Albert Keck, President of Hadley Date Gardens and current Western Growers Chair of the Board of Directors, joins the podcast to talk about his family’s history in farming and how his decades of experience in the industry leads him to believe that the future could be bright for specialty crops.
“You want to talk about pessimism? When I was a kid all I could hear from the industry was: ‘Only old people eat dates’ and ‘All our customers are dying.’ It was like Eeyore in ‘Winnie the Pooh.’ Everything was negative,” Albert says. “What we’ve found recently, the Millennials – God bless them, for all the hassles they throw on us – they’re all healthy eaters. When I was going up we ate Cheetos and Doritos and hot dogs. And now the young adults want to have healthy food and real food. They are very conscious of what they eat and where it is grown.”

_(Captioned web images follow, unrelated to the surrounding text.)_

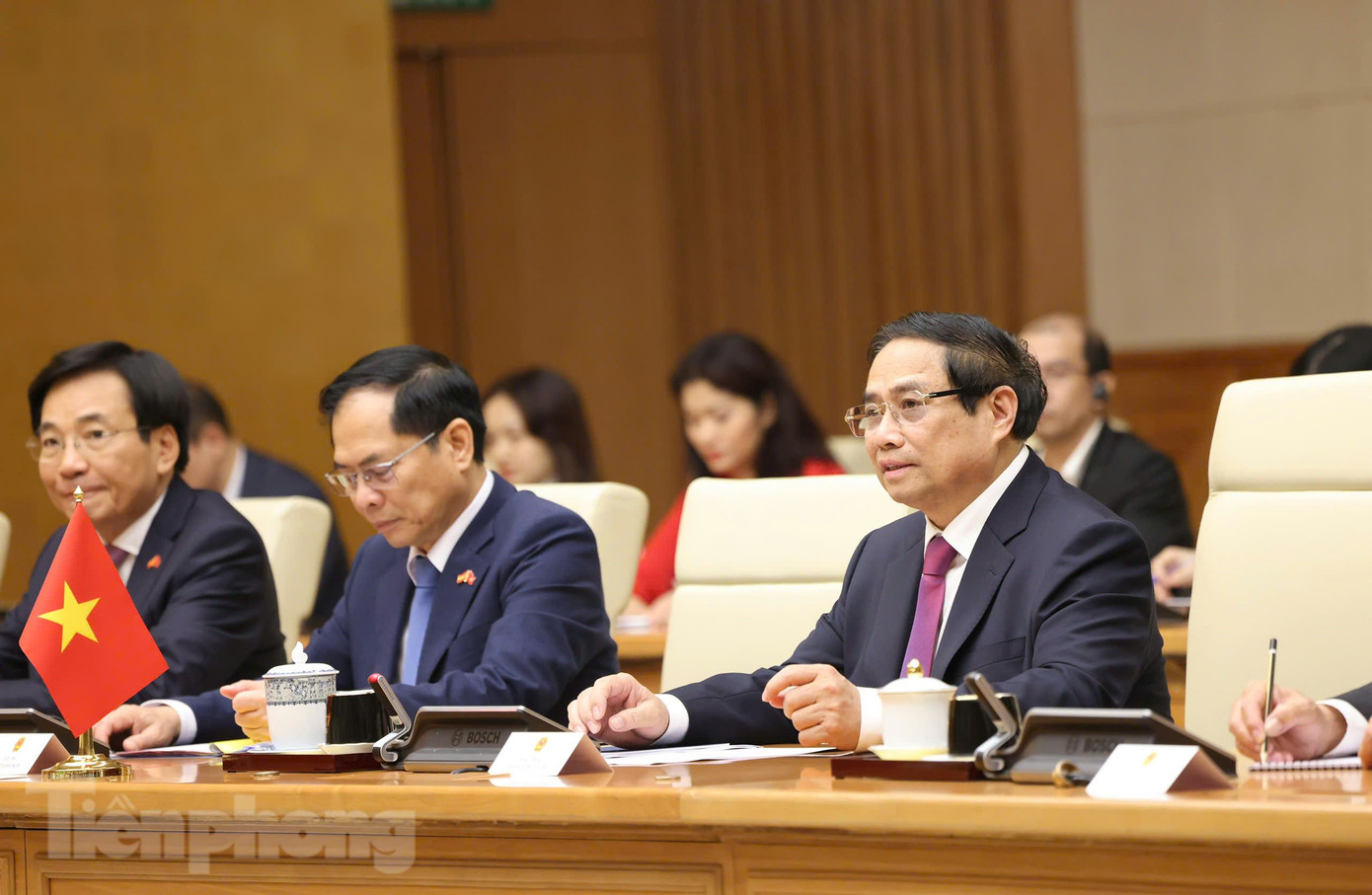 Thủ tướng Phạm Minh Chính và các quan chức cấp cao Việt Nam trong cuộc hội đàm với Thủ tướng Tây Ban Nha. (Ảnh: Như Ý) Thủ tướng Phạm Minh Chính và các quan chức cấp cao Việt Nam trong cuộc hội đàm với Thủ tướng Tây Ban Nha. (Ảnh: Như Ý)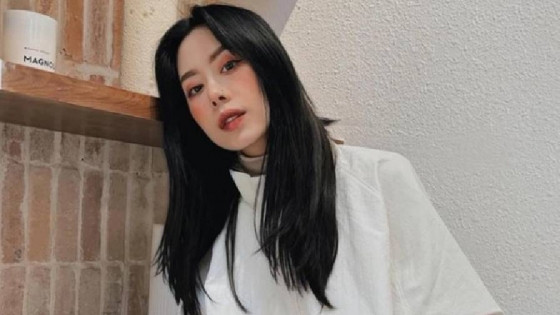 Không chỉ vui vẻ thả haha mà còn hoà vào cùng với trò đùa khó hiểu này của Mai Âm Nhạc.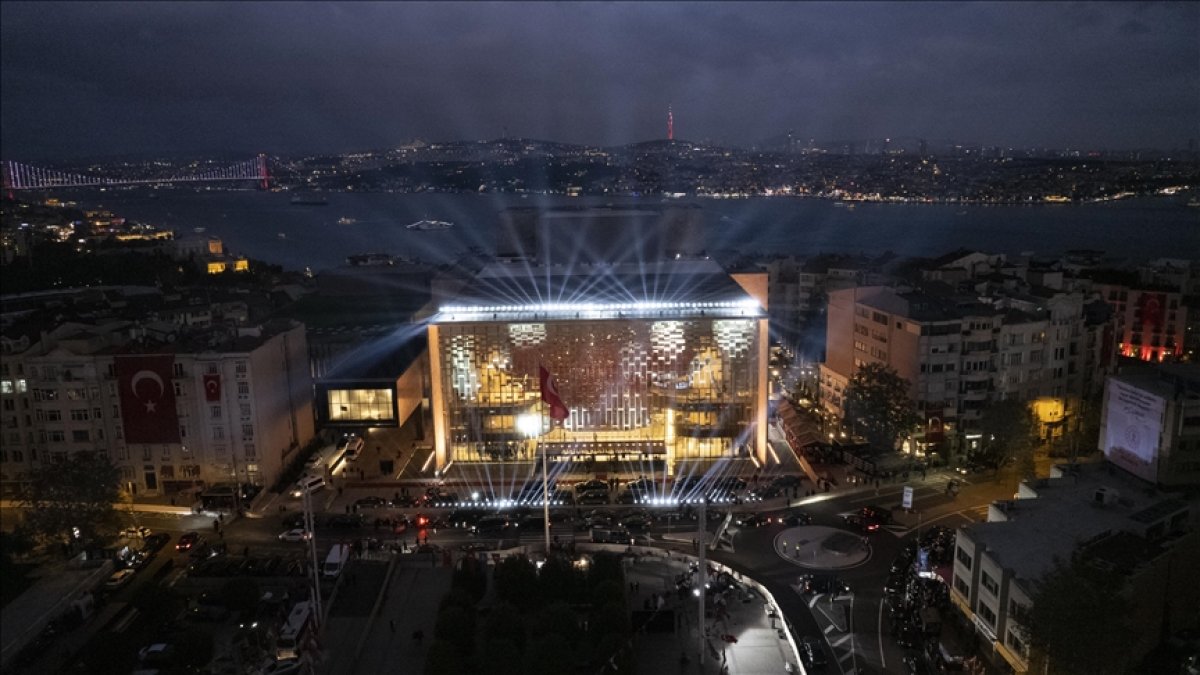 Ahmet Kaya’nın unutulmaz şarkıları AKM’de yankılanacak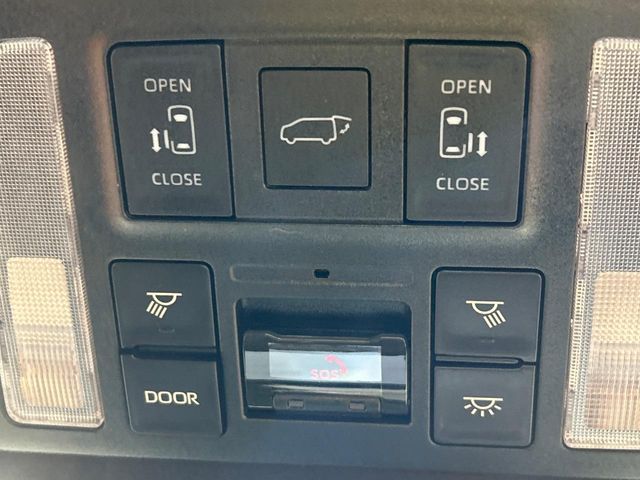 TOYOTA VOXY HYBRID 2023 Image 31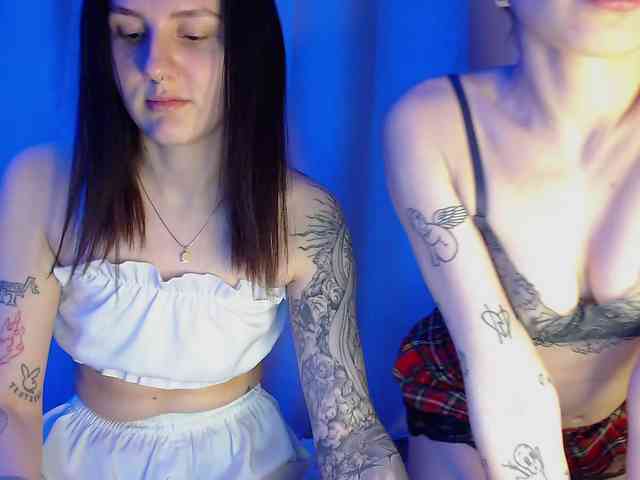 NiaandMolly webcam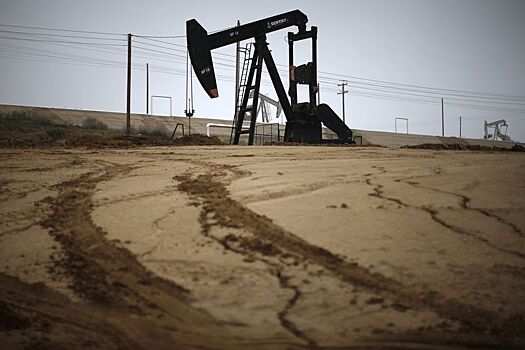 Американская нефть марки WTI дешевеет на 3% на фоне торговых рисков
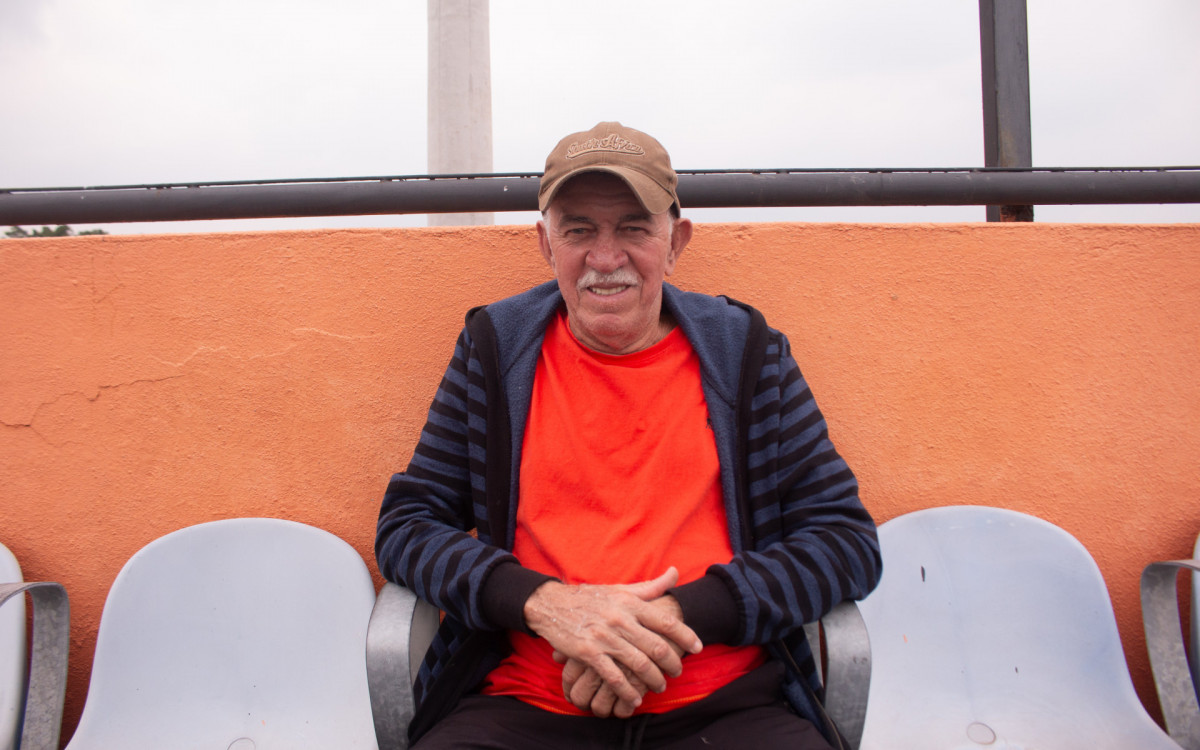COPA RIO - Semifinal - Nova Iguaçu X Sampaio Corrêa, nesta quarta-feira (26). Na foto, Sr Natalino, 71 anos. Torcedor do Nova Iguaçu.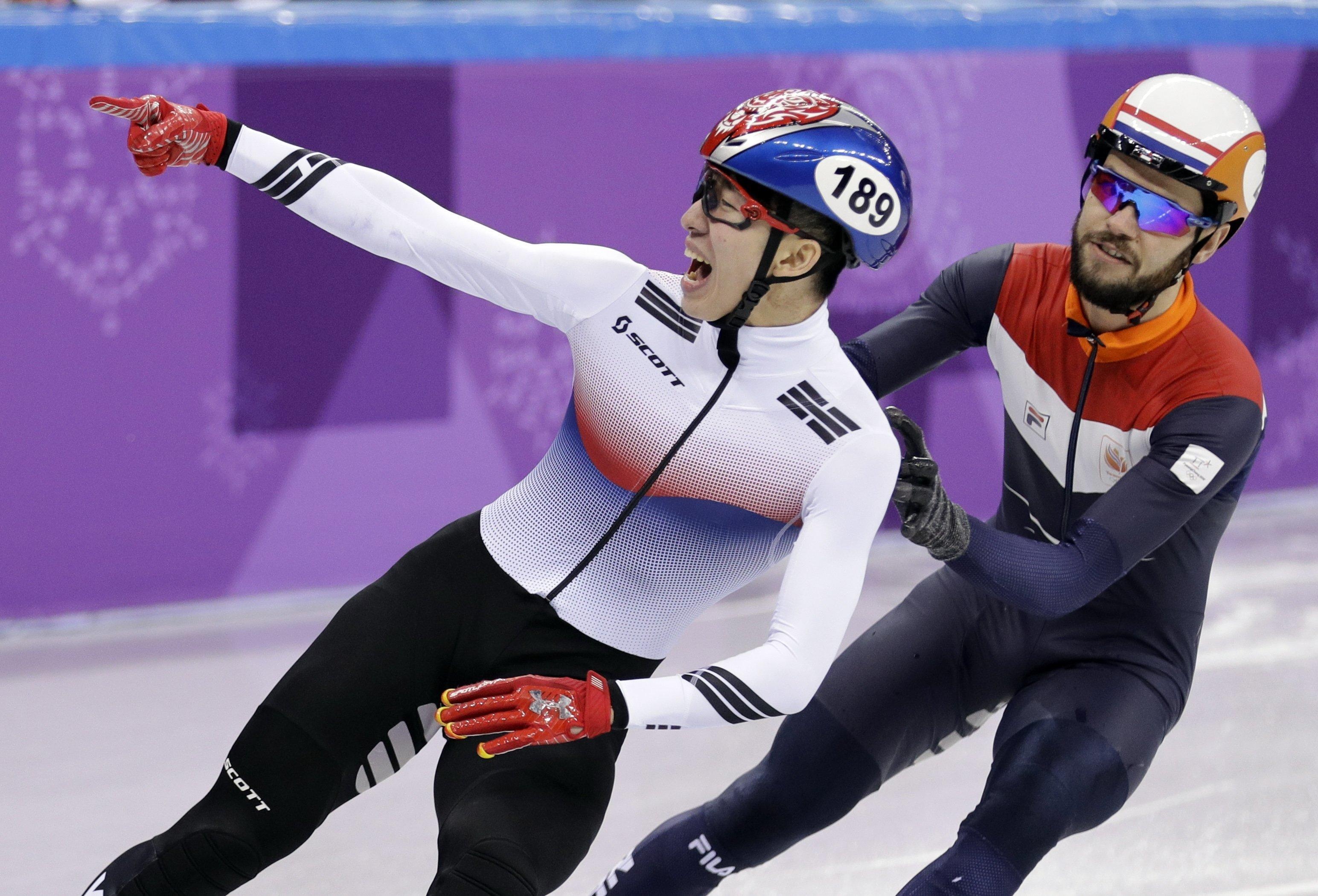 Winter Olympics speed skater, Sjinkie Knegt's controversy, Middle finger incident, Winter sports drama, 3090x2100 HD Desktop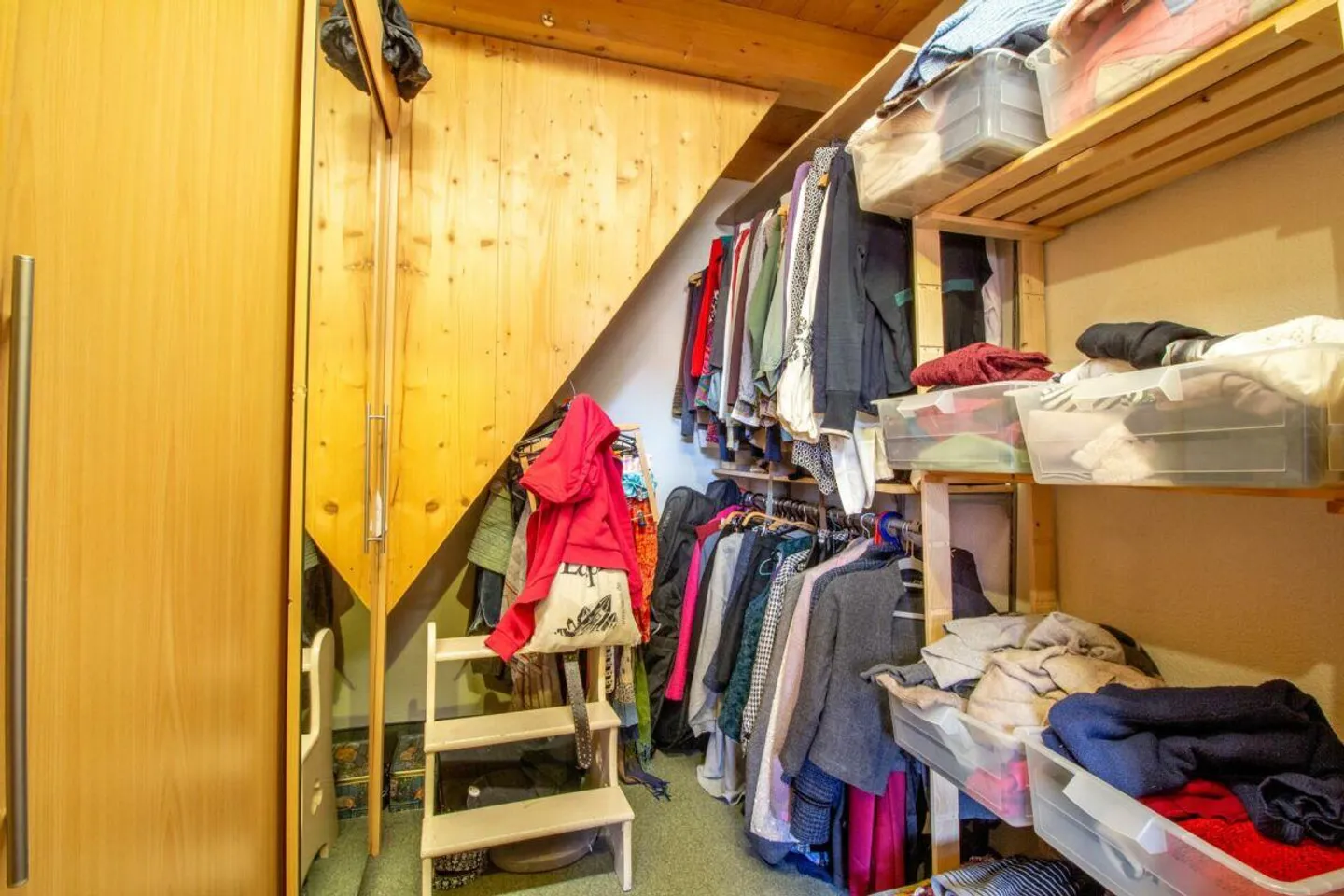 5.5-Room Terraced House with Large Useful Attic - Photo 11 of 20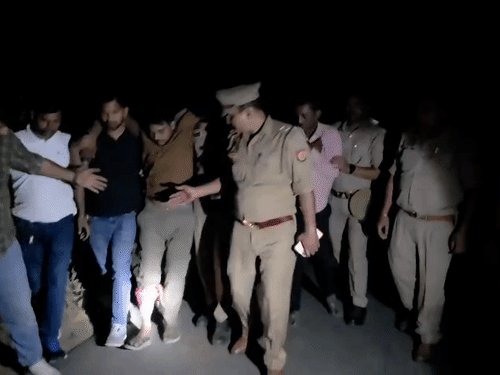 झांसी में चोरी करने वाले सगे भाई मुठभेड़ में गिरफ्तार:एक के पैर में गोली लगी, दिन में ऑटो चलाकर रैकी करते थे, रात में उड़ाते थे माल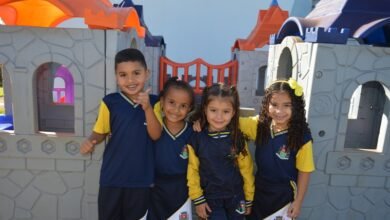 Prefeitura de Guaíra entrega uniformes para alunos da rede municipal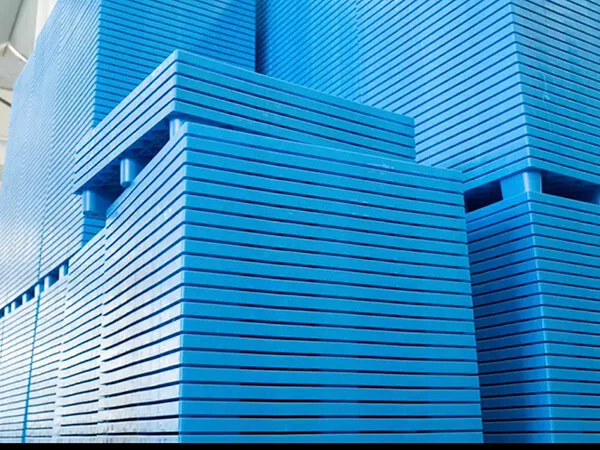 Nestable plastic pallets in stcok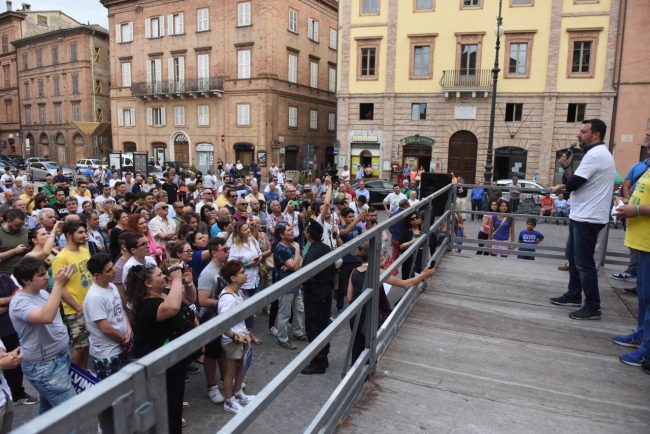 matteo-salvini-lega-nord-tolentino-FDM-4-650x434
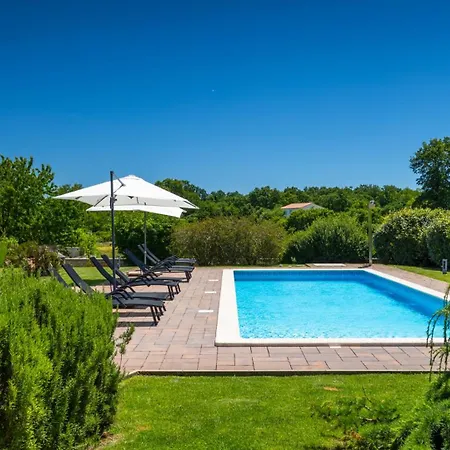 Villa Rustic Stancija Martina With Pool In Tinjan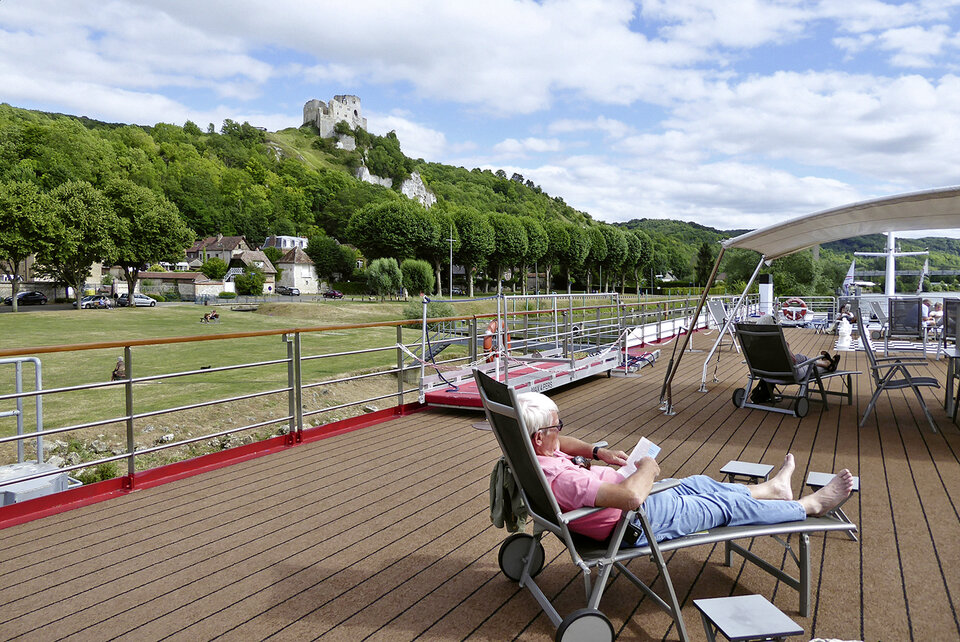 Die Landschaft der Normandie genießen auf dem Sonnendeck der Seine Comtesse
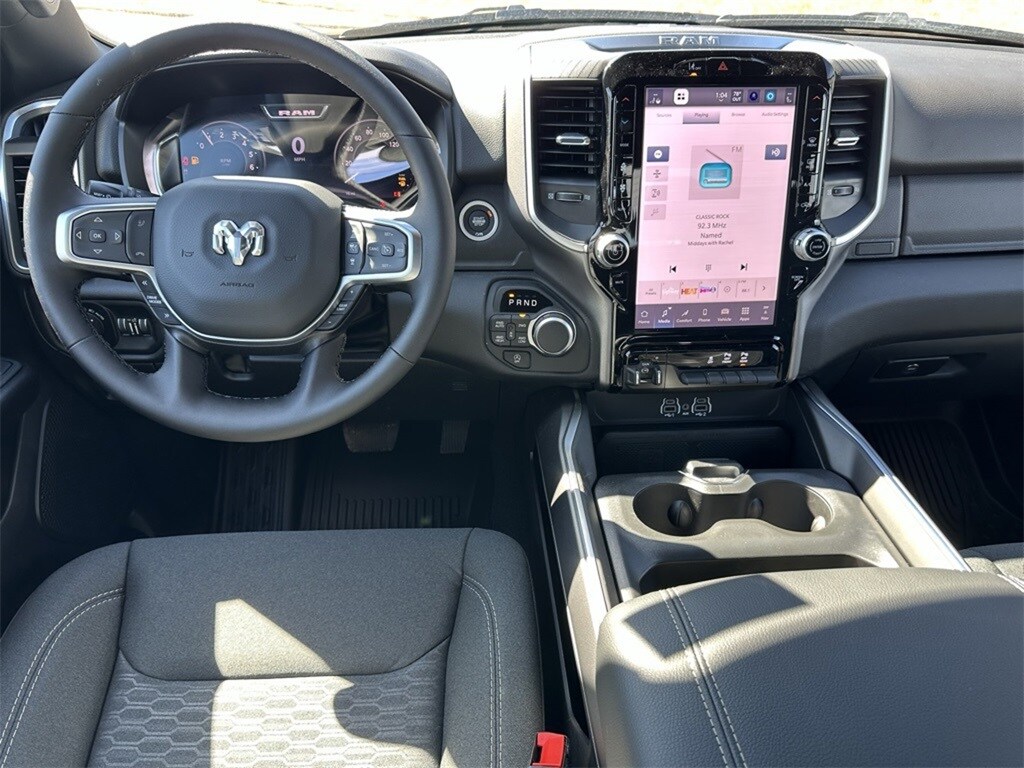 2025 Ram 1500 Big Horn photo 4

It’s this change in consumer taste that Albert believes will define the coming years for fruit and vegetable growers – if the political landscape can work to empower domestic farmers. “We’re out there banging on the drum to all of our political representatives, saying ‘Hey, you keep throwing stuff at us – the ideals are not necessarily bad, we agree with a lot of the ideals – but we’re in a global marketplace that doesn’t care about those ideals,'” he says. “It seems like more and more a lot of our political system is definitely hamstringing domestic production. And so that’s something we have to contend with as a culture. Are we going to want to grow these crops domestically, or do we just not care?”